Some of the Begerin Master's images included cursive inscriptions in Latin, either indicating speech or making reference to relevant liturgical passages. But otherwise they communicated in a strictly pictorial language, leaving a range of interpretive pathways open to the imagination of their initial patron. I say "patron" with intention, for these pages were clearly meant for private contemplation. This mode of use is already suggested by their diminutive size, each folio measuring about 3-3/4 inches wide and 5 inches tall, and it finds further confirmation in their reception: a text added near the image of the prayerful woman speaks autobiographically of "I, a woman" (see vol. 1, 379). The text was one of 156 vernacular prayers added to the image cycle, on separate sheets of paper, sometime in the 1470s or '80s - thus some sixty or seventy years after the pictures' completion. The work of six distinct scribes, these prayers nonetheless give voice to a consistent presence--a woman who has spent many years in a monastic community, and is apt to reflect as much on her moments of grace as on her shortcomings--and are steeped in the heady language of Latin meditational texts particularly beloved in Carthusian circles, such as Ludolph of Saxony's Vita Christi and the prayers of St. Anselm and St. Bernard. Taking the images as a launching pad for the plunge into self-reflection, the prayers provide testimony not only of how biblical episodes could be rendered personally meaningful for an expert contemplative but also of how images could operate as prompts and focal points for practices of thinking and feeling.

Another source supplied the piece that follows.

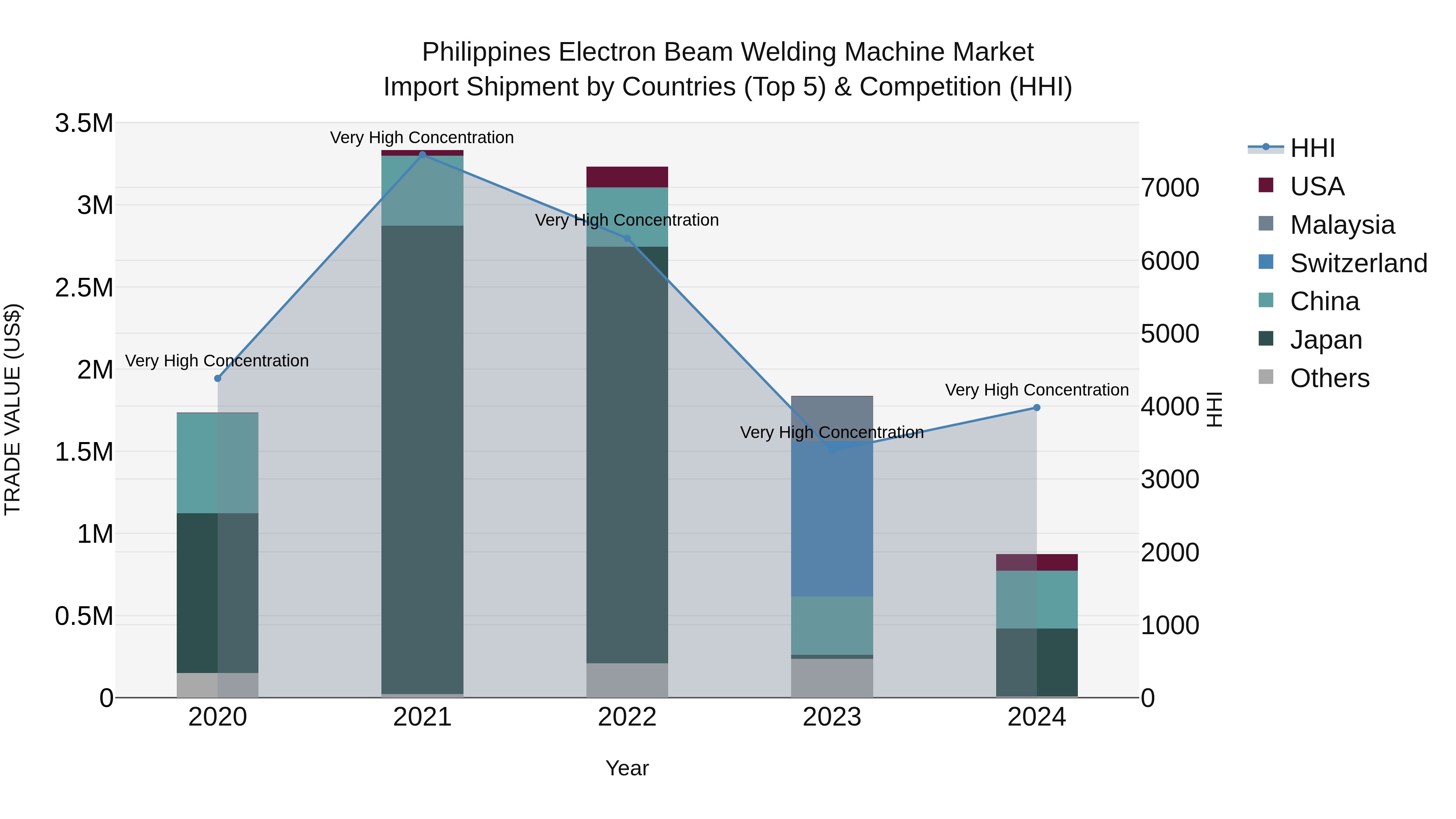 Philippines Electron Beam Welding Machine Market Top 5 Importing Countries and Market Competition (HHI) Analysis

The nun who directed the prayer cycle did not leave her name, though she did give a name to the woman pictured with the Eucharistic host-vision: although probably representing the patron of the image cycle, in her eyes the figure portrayed Mechthild of Hackeborn (d. 1298), one of the visionaries from the convent at Helfta, who was widely revered as a saint and as a model for monastic women. The only other name attached to the manuscript was that of one of its owners: Sister Ursula Begerin, a member of the Magdalens' (Reuerinnen) convent in Strasbourg, who died in 1531. It is feasible that she was the mastermind behind the addition of the prayer cycle, though impossible to know with certainty. But whatever her role in the fabrication of this object--the book continued to be supplemented with new prayers and several prints into the 1490s--it is this woman whose presence will shine bright to future generations through the publication under review, which christens the manuscript with her name: The Prayer Book of Ursula Begerin (Bern, Burgerbibliothek, Cod. 801).
Sister Ursula, the unknown patron, and the artists and scribes who contributed their skills to this modest contemplative tool would surely throw their hands to the sky and exclaim "mirabile visu!" (or the Middle High German equivalent) if they had occasion to see what had become of their book in this dazzling publication by the Urs Graf Verlag in Zurich. The result of years of scholarly investigation by the art historian Jeffrey Hamburger and Germanist Nigel Palmer, and financial support from the Swiss National Science Foundation, Harvard University, and various public and private foundations in Bern, the two-volume set will elicit scarcely less admiration from contemporary students of medieval religious and intellectual culture (and no small degree of envy, in light of the constraints imposed by so many North American academic presses!). Volume 2 offers us the next best thing to holding the manuscript in our hands: beautiful reproductions of all the book's openings, in full color and to scale, accompanied by a critical edition (transcription and notes on scribal errors or amendments) of the respective prayers. The volume is refreshingly user-friendly: with the manuscript's page openings measuring just 7-1/4 inches wide and 5-1/4 inches tall, they fit neatly into the lower half of these 8-1/2 by 12-inch pages, leaving ample room above for the respective transcription, identification of subject matter, and attribution of hands. Readers not versed in Middle High German may miss seeing translations here, but they are not out of luck: Palmer's deft translations of the texts into English are provided toward the end of the first volume.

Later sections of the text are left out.